Coworking Before Coworking #2: Architecture Against Death
If Andy Warhol’s Factory was a space where art and work became indistinguishable, then the projects of Madeline Gins and Shusaku Arakawa went one step further. They asked whether architecture itself could blur the ultimate boundary between life and death.
In the 1990s, the Japanese conceptual artist Arakawa and the American poet–philosopher Madeline Gins developed what they called Reversible Destiny architecture, an architectural philosophy that aimed to solve what they described as ‘the ultimate human design flaw: death’. Their buildings were not comfortable, not neutral, not even particularly habitable. However, they were certainly alive, and they demanded that those who entered them be alive too.
The Architecture of Difficulty
Most architecture is designed to make life easier: smooth floors, right angles, predictable surfaces. Arakawa and Gins wanted the opposite. Their projects were deliberately awkward, filled with ramps, uneven terrain, tilted walls, and rooms that defied conventional geometry.
Their most famous work, the Reversible Destiny Lofts – In Memory of Helen Keller (Tokyo, 2005), looks like a dream rendered in plastic. Floors undulate like sand dunes; ceilings dip low in unexpected places; walls curve into strange ovals; doors disappear entirely.
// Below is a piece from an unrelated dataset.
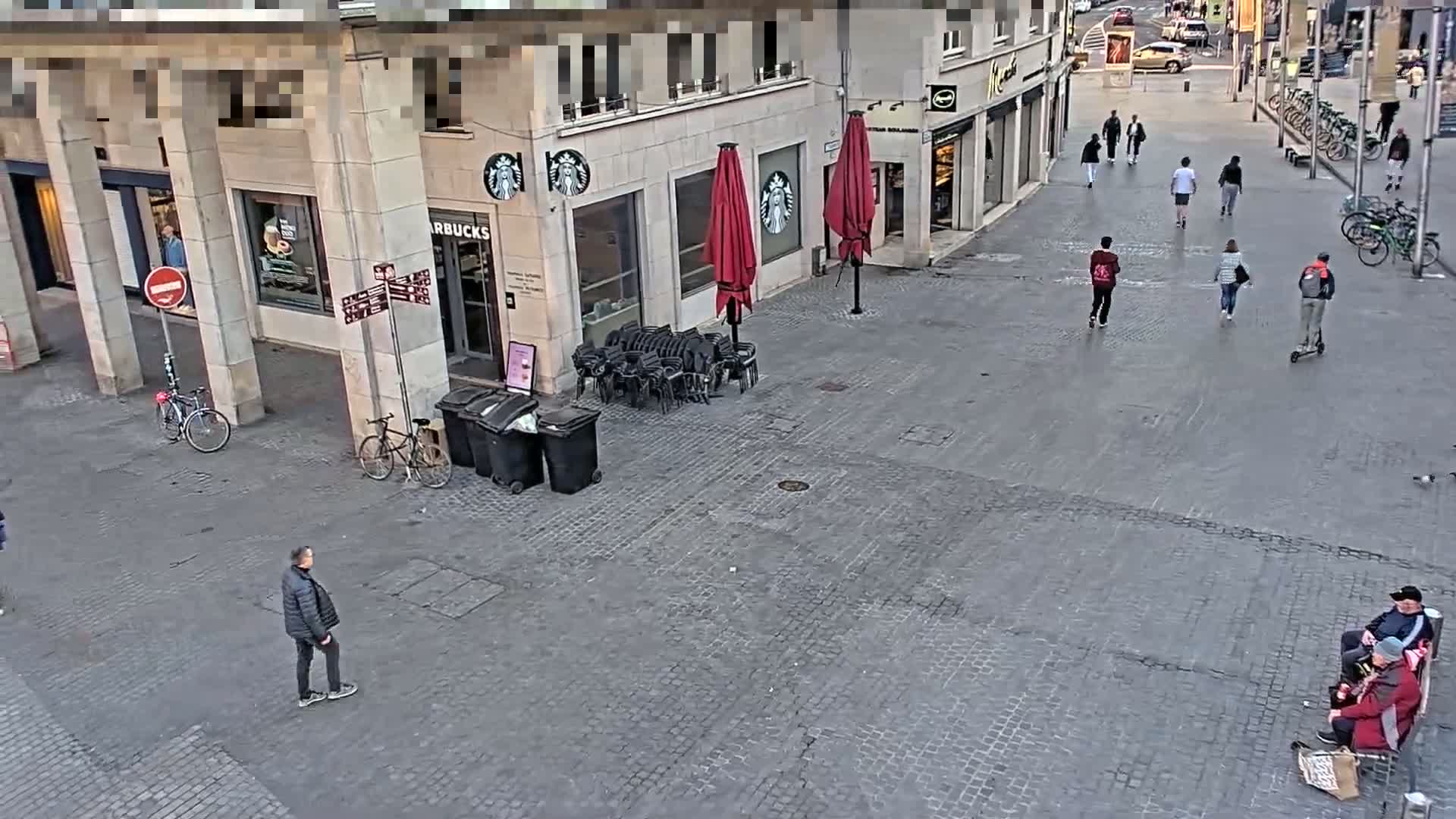 A cobblestone plaza with a few pedestrians, stacked chairs and trash cans in front of a Starbucks and other shops, under a mostly clear sky.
It is both a building and a provocation — a demand that you stay awake to the world.
As their project manager ST Luk once explained, “Our bodies are conditioned by our surrounding environments. Once you feel comfortable, your body begins to deteriorate. The architecture basically tries to keep you from fully adapting to it”.
To live in one of these spaces is to be continually reminded of your own balance, perception, and fragility. The houses, parks, and installations created by Arakawa and Gins were meant to keep people conscious, literally and existentially, through constant physical engagement.
Artists Before Architects
Both Arakawa and Gins began not in architecture but in art. Arakawa, born in Nagoya, was a central figure in Japan’s postwar avant-garde before moving to New York in 1961. Two years later, he met Madeline Gins, a poet and philosopher whose 1969 book Word Rain explored the materiality of language and perception.
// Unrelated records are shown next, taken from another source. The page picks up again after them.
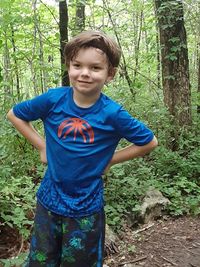 Portrait of boy in forest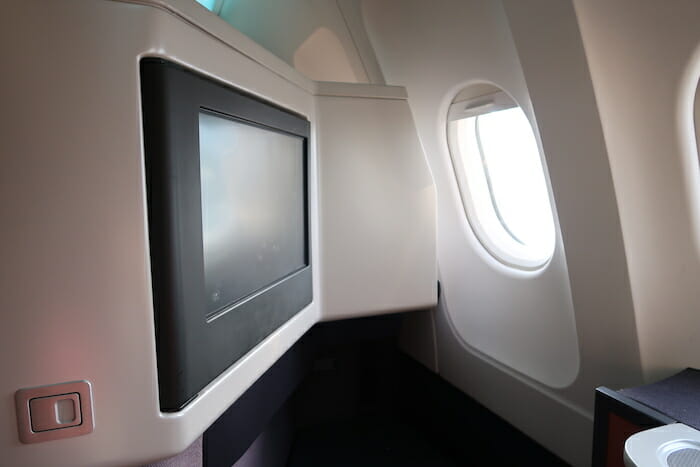 a tv on the wall of an airplane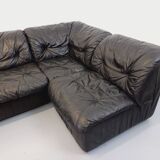 Vintage corner sofa composed of 3 modules in black leather with integrated bed.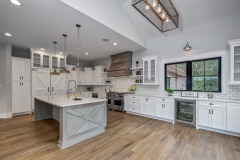Unionlands Cabinetry White Painting Hidden Fridge Cabinet With Black Walnut Solid Wood Island and a Special Range Hood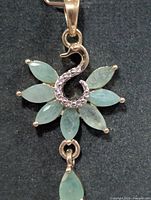 Front view of silver pendant with emerald flower and drop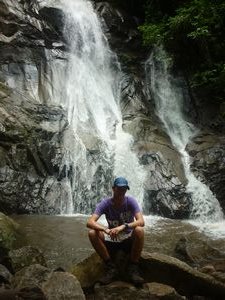 me sitting in front of a waterfall jungle Chiang Mai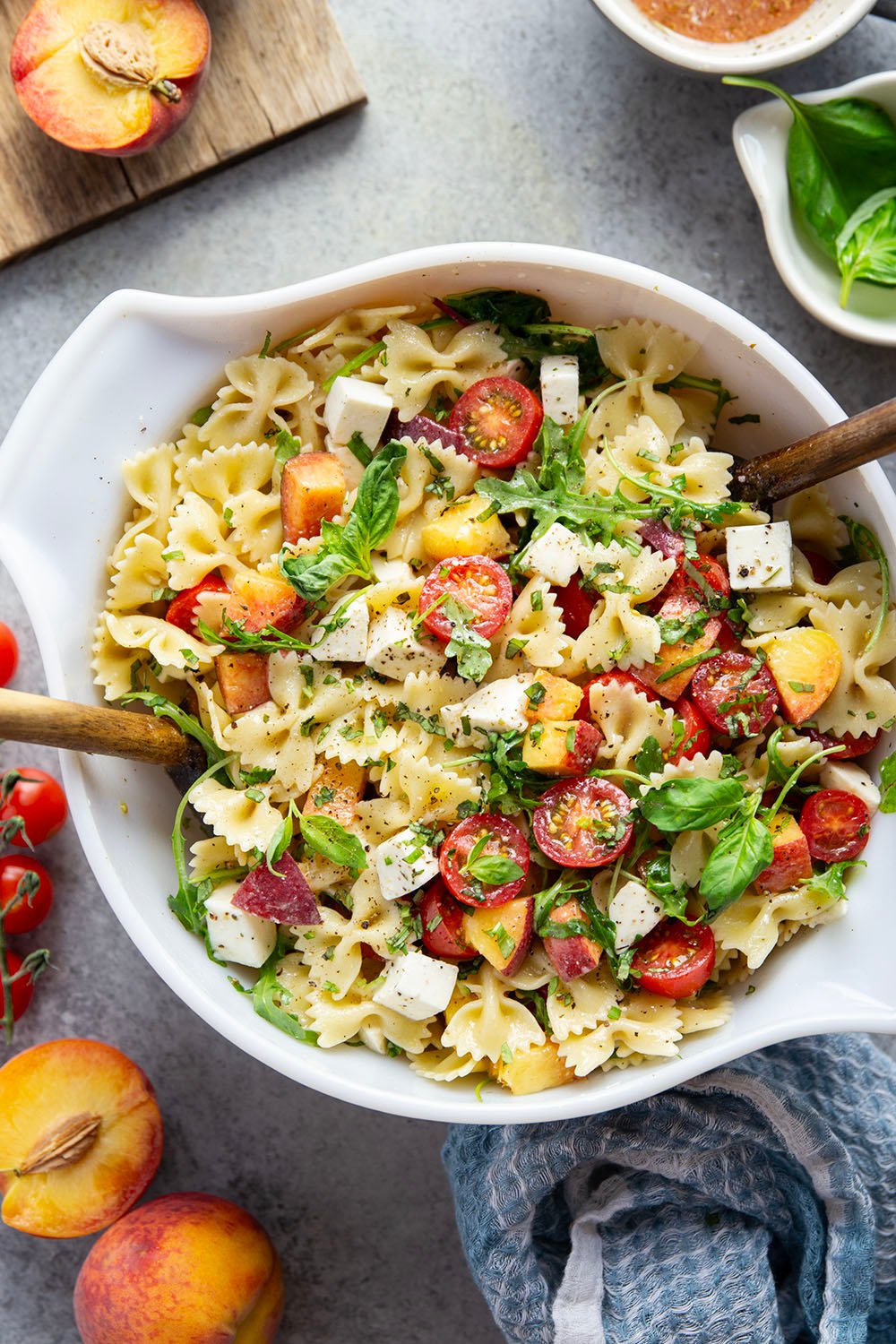Sweet peaches pair perfectly with herby basil, soft mozzarella, juicy cherry tomatoes, and a tangy balsamic dressing in this peach caprese pasta salad.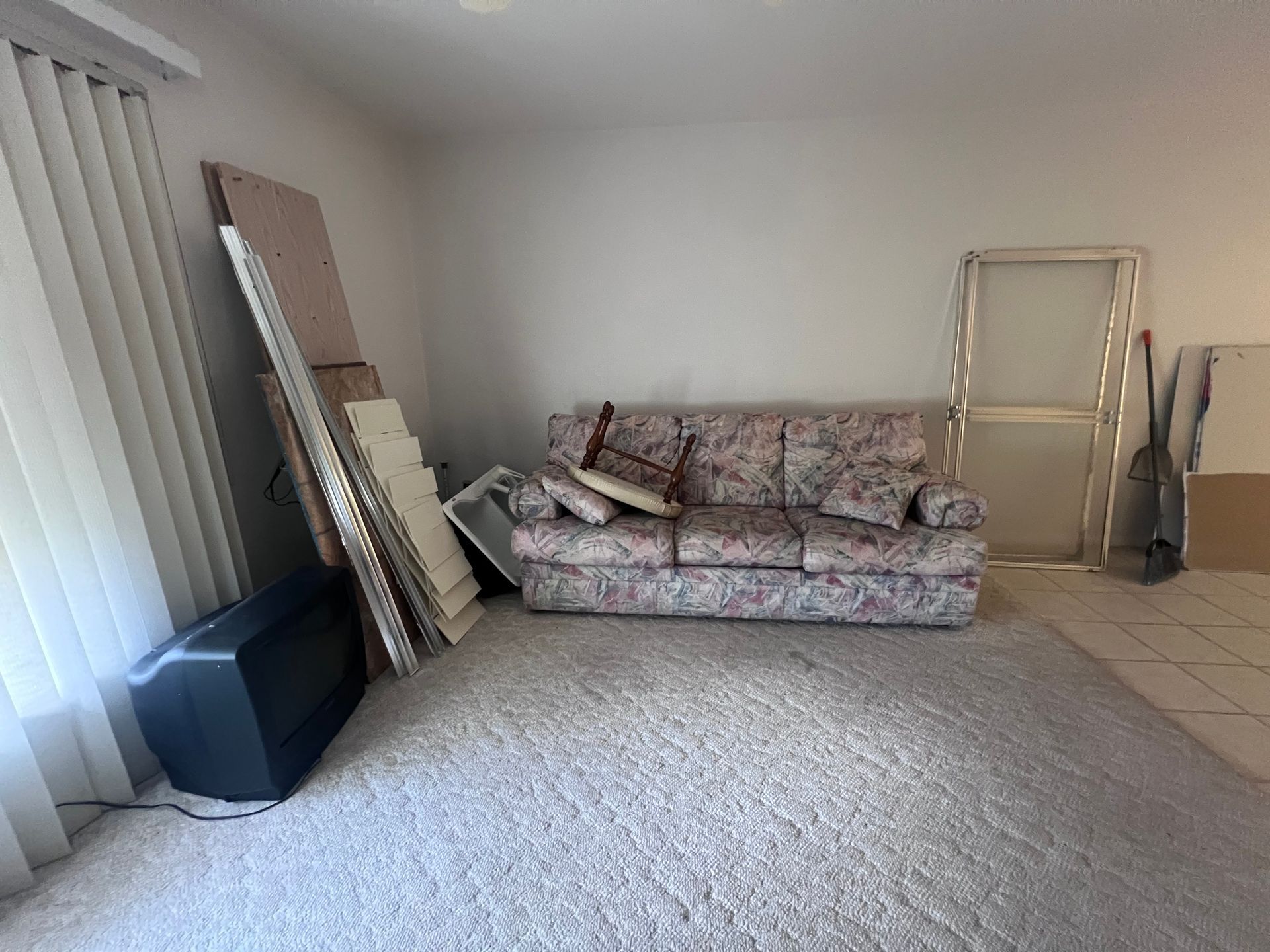 A living room with a couch and a television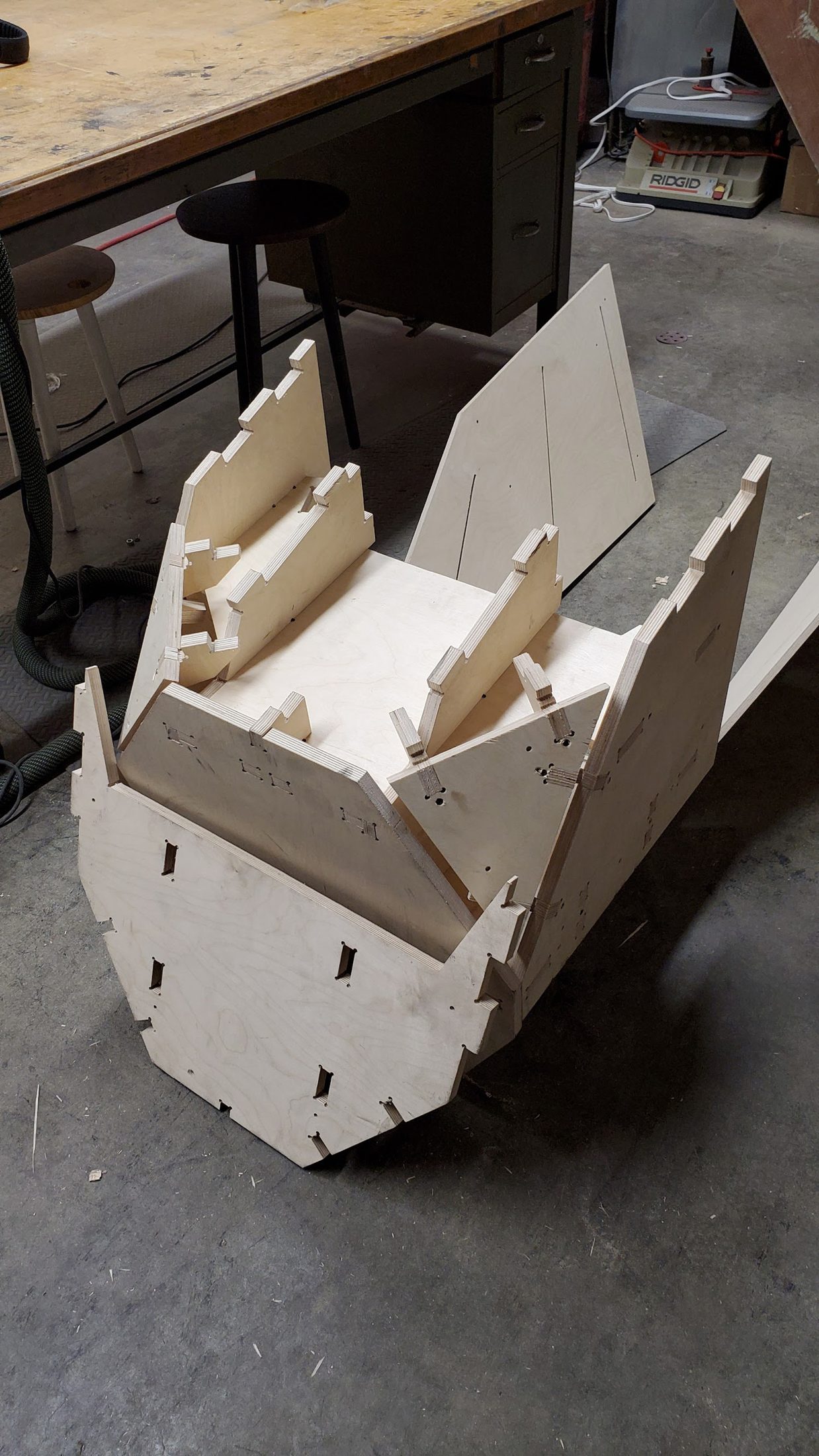 Faceted plywood form assembled from routed parts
Together, they created a monumental project called The Mechanism of Meaning (1963–1973), an 80-panel series of textual and visual experiments that forced viewers to think about how the body encounters ideas. From there, it was a small but radical leap into architecture; to construct spaces that embodied those same questions.
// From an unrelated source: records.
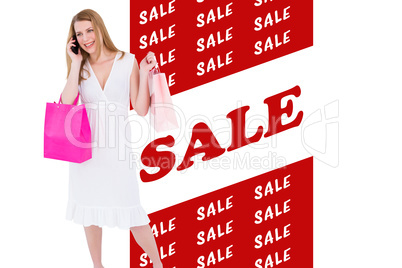 Composite image of happy blonde holding shopping bags and talkin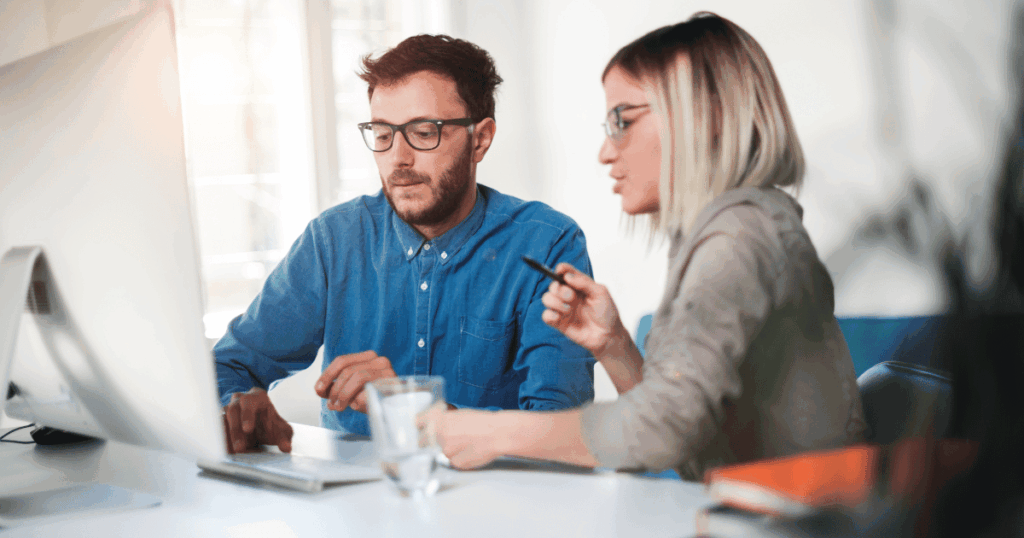 Customers sit a table in their home reviewing a builders web site.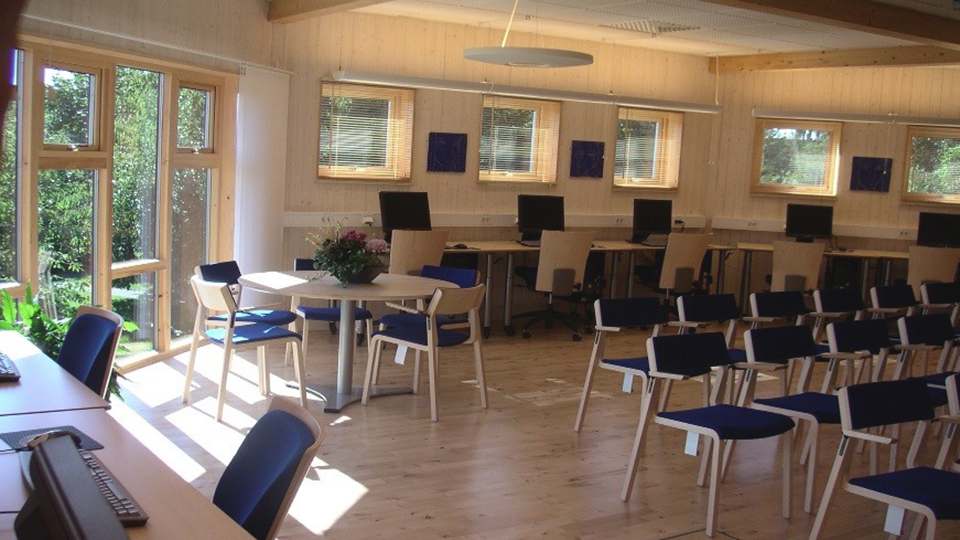 En ljus och fräsch lokal studielokal men datorer och sittplatser, inredd med möbler i ljust trä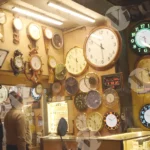 Watch store with a variety of clocks and watches displayed - Log, colour and B&W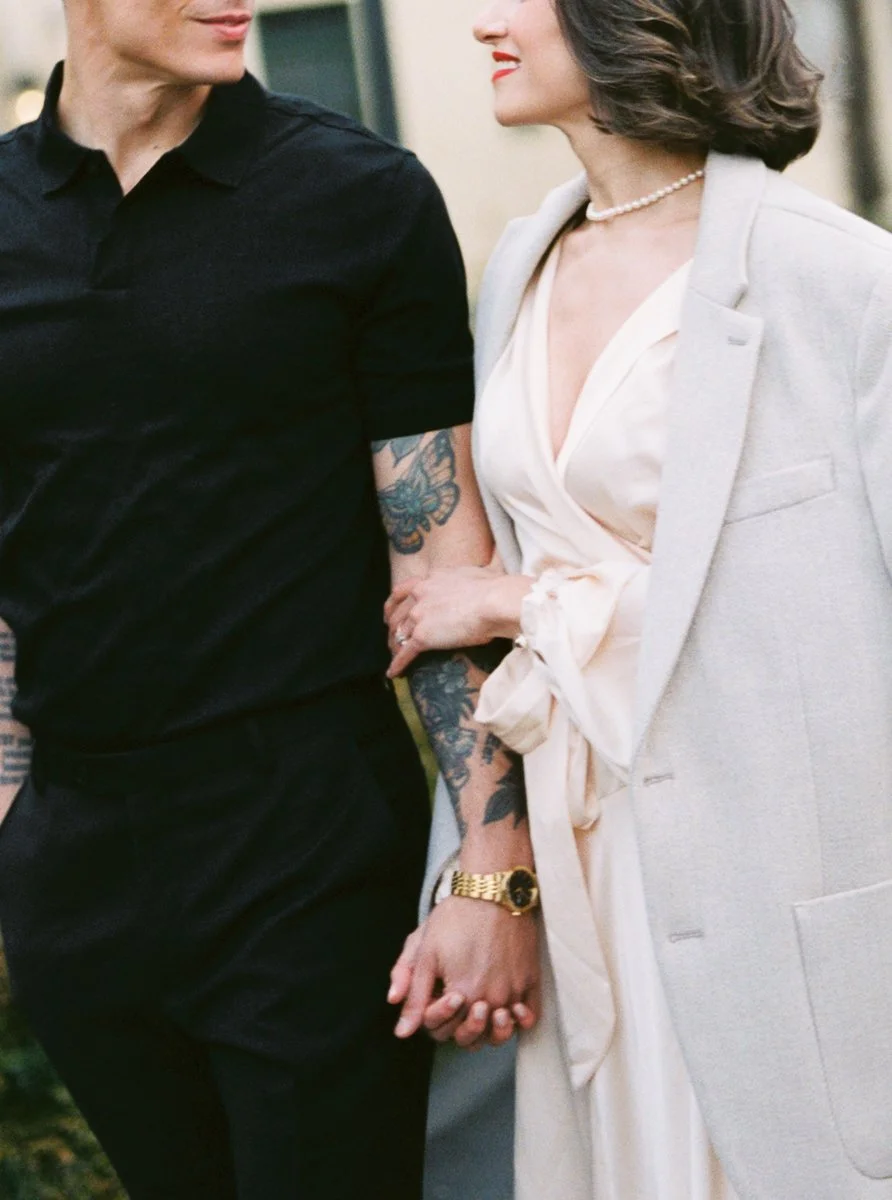 Close-up of couple holding hands, woman in cream dress and coat, man with tattoos in black outfit outdoors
As curator Irene Sunwoo of Columbia GSAPP observed, “When was the last time you heard about a poet working in architecture with a painter?”.
Reversible Destiny
The phrase “Reversible Destiny” sounds mystical, but what they meant was deeply embodied. Death, they argued, was not inevitable but the result of a gradual surrender to habit, comfort, and environmental passivity. To resist death, then, was to resist adaptation — to keep the body and mind in a state of creative unease.
Their later projects included the Site of Reversible Destiny – Yoro Park (Gifu Prefecture, 1995), a landscape so disorienting that visitors are given helmets at the entrance; the Bioscleave House (East Hampton, 2008), with its rolling orange floors and asymmetric architecture; and even the Biotopological Scale-Juggling Escalator (2013), designed for Rei Kawakubo’s Comme des Garçons store in New York.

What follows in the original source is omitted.